MADRID (AP) — Politicians and experts met in Madrid on Friday to discuss ways to tackle drought and the increasing spread of deserts across the globe.

“The consequences of drought can affect up to three quarters of humanity by 2050. There is nowhere to hide if we are unable or unwilling to avert the severe alterations we are inflicting on the planet,” Ibrahim Thiaw, executive secretary of the U.N. Convention to Combat Desertification, or UNCCD, said at the opening of the meeting.

“Let us be prepared to confront the new reality,” he added.

The half-day meeting is being held to mark the United Nations’ World Day to Combat Desertification and Drought.

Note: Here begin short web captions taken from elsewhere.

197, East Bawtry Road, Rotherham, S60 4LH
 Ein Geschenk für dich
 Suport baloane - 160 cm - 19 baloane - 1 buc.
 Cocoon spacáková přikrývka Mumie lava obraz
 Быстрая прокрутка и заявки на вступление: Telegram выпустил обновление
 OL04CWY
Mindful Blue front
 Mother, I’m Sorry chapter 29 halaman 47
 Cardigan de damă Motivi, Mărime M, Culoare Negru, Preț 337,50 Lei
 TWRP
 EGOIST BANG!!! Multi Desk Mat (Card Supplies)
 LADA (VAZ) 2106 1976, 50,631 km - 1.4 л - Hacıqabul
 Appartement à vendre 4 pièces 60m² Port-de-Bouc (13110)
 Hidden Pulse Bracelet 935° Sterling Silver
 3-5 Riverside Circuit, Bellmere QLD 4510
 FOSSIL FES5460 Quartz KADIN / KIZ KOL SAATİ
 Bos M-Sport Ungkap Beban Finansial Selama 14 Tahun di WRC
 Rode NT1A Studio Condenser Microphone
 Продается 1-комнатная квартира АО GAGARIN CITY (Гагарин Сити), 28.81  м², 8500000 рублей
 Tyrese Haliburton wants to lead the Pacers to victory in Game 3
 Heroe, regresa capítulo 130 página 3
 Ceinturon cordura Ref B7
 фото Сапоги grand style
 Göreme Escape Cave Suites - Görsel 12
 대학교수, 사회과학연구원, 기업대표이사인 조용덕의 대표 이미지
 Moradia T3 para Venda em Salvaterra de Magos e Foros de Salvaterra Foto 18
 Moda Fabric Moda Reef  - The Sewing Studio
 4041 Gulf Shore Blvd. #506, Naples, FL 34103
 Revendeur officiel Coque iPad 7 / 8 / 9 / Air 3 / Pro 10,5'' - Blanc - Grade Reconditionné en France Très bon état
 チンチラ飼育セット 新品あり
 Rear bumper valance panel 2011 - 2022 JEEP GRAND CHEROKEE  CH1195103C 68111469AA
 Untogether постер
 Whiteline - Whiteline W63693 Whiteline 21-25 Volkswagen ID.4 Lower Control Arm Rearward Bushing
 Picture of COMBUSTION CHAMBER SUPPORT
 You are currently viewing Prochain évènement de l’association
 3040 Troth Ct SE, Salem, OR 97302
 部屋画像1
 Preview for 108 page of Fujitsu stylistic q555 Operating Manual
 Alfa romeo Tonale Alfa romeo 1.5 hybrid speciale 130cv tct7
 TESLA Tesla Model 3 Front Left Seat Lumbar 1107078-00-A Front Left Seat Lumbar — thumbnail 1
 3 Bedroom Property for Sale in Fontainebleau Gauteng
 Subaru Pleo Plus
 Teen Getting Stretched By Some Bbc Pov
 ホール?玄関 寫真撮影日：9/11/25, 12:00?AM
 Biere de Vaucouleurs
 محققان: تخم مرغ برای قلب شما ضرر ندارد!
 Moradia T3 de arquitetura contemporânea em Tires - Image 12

Thiaw said half the world population was expected to face severe water scarcity in the next eight years, adding that that could lead to as many as 700 million people — or about 10% of the world’s population — being at risk of being displaced during that period.

The meeting brought together numerous experts, including Kenya’s Patricia Kombo, founder of the PaTree Initiative to help Kenya achieve 10% forest cover by getting students to plant trees.

“I know majority of you have never come across drought,” said Kombo. “But I would like to tell you how drought feels like. Clean and safe drinking water is like a diamond. Three meals a day is a dream.”

She said communities had turned to violence because of the lack of food and water.

“You are fighting for the only available resources,” she said. “We are fighting for water.”

Spanish Prime Minister Pedro Sánchez spoke at the meeting and U.N. Secretary General António Guterres was to make an address by video.

The UNCCD says that between 1900 and 2019, droughts have impacted 2.7 billion people in the world, and caused 11.7 million deaths.

Spain’s Ecological Transition ministry says 75% of Spanish land is vulnerable to desertification and this is increasing.

The meeting comes as Spain is suffering an unusually early heat wave that has helped fuel wildfires across the country.

The focus of the meeting will be on encouraging early action to prevent disastrous outcomes.